[Saved entries]
------------------------------------

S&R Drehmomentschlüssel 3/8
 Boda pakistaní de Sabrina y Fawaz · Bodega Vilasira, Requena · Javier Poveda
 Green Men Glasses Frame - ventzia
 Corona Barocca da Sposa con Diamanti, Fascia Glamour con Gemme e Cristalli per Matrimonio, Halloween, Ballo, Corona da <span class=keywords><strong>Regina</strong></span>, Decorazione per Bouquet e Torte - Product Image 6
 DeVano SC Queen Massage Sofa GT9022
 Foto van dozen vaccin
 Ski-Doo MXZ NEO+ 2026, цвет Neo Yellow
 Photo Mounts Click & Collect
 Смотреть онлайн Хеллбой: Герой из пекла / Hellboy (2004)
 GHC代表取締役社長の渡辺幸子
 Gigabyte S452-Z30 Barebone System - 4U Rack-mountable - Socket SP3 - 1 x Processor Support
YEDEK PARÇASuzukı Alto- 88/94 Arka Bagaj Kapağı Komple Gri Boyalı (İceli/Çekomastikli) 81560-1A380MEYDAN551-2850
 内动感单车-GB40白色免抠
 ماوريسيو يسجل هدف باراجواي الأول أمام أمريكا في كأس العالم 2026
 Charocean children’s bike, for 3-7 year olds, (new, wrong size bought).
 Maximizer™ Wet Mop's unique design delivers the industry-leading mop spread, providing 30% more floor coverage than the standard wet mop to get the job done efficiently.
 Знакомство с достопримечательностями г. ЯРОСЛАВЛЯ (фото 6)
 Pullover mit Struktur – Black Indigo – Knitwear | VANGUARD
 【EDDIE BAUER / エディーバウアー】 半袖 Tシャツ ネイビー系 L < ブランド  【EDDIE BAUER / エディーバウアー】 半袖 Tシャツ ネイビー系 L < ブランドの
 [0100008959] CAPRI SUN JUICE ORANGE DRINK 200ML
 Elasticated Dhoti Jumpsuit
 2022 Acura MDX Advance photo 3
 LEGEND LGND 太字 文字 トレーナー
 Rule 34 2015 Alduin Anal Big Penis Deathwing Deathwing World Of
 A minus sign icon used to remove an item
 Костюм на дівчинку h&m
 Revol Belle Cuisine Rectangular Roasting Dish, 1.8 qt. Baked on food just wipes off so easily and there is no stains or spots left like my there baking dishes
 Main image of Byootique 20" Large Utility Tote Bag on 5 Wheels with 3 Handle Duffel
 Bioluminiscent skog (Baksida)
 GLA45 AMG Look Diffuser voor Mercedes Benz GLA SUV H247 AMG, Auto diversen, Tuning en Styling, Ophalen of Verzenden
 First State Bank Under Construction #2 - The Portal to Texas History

------------------------------------

Problem requirements: Repeat, word for word, the lines from the start of the records to the line that contains "Charocean children’s bike, for", both of them included, and no others.

Solution:
S&R Drehmomentschlüssel 3/8
 Boda pakistaní de Sabrina y Fawaz · Bodega Vilasira, Requena · Javier Poveda
 Green Men Glasses Frame - ventzia
 Corona Barocca da Sposa con Diamanti, Fascia Glamour con Gemme e Cristalli per Matrimonio, Halloween, Ballo, Corona da <span class=keywords><strong>Regina</strong></span>, Decorazione per Bouquet e Torte - Product Image 6
 DeVano SC Queen Massage Sofa GT9022
 Foto van dozen vaccin
 Ski-Doo MXZ NEO+ 2026, цвет Neo Yellow
 Photo Mounts Click & Collect
 Смотреть онлайн Хеллбой: Герой из пекла / Hellboy (2004)
 GHC代表取締役社長の渡辺幸子
 Gigabyte S452-Z30 Barebone System - 4U Rack-mountable - Socket SP3 - 1 x Processor Support
YEDEK PARÇASuzukı Alto- 88/94 Arka Bagaj Kapağı Komple Gri Boyalı (İceli/Çekomastikli) 81560-1A380MEYDAN551-2850
 内动感单车-GB40白色免抠
 ماوريسيو يسجل هدف باراجواي الأول أمام أمريكا في كأس العالم 2026
 Charocean children’s bike, for 3-7 year olds, (new, wrong size bought).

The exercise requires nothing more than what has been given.